**Exercise requirements**
The material below is to be copied exactly from the line with "Rogz Utility LetzGo" up to and including the line with "Section 8 - Section 8", with nothing else kept and no pictures.

**Material for the task**
..............................

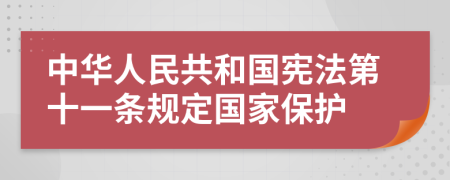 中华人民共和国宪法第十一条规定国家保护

..............................

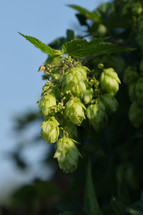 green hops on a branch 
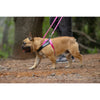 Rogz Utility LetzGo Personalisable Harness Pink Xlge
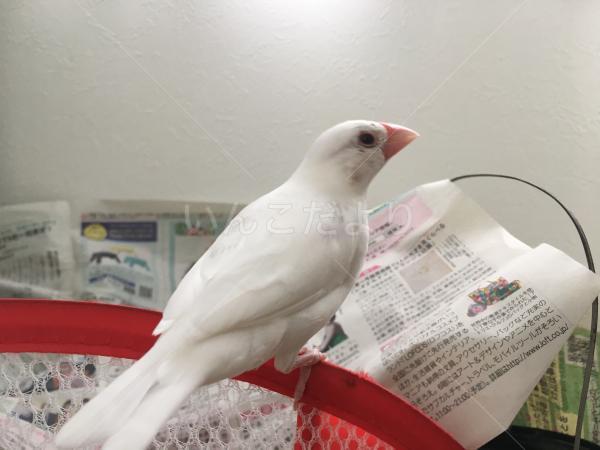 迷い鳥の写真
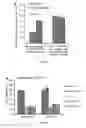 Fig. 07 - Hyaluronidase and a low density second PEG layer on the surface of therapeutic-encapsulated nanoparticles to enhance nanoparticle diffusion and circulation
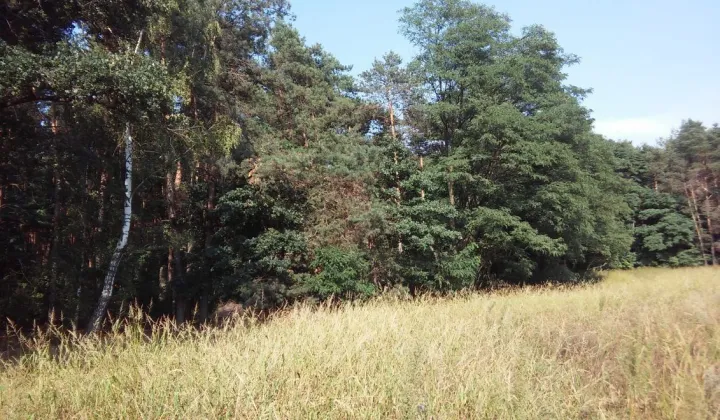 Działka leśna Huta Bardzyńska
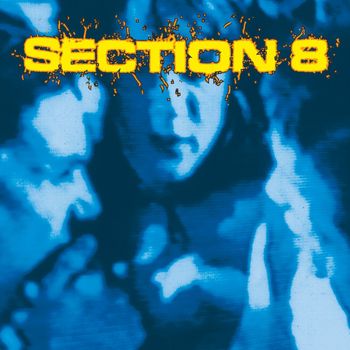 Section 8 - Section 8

..............................

**Answer for the task**
 Rogz Utility LetzGo Personalisable Harness Pink Xlge
 迷い鳥の写真
 Fig. 07 - Hyaluronidase and a low density second PEG layer on the surface of therapeutic-encapsulated nanoparticles to enhance nanoparticle diffusion and circulation
 Działka leśna Huta Bardzyńska
 Section 8 - Section 8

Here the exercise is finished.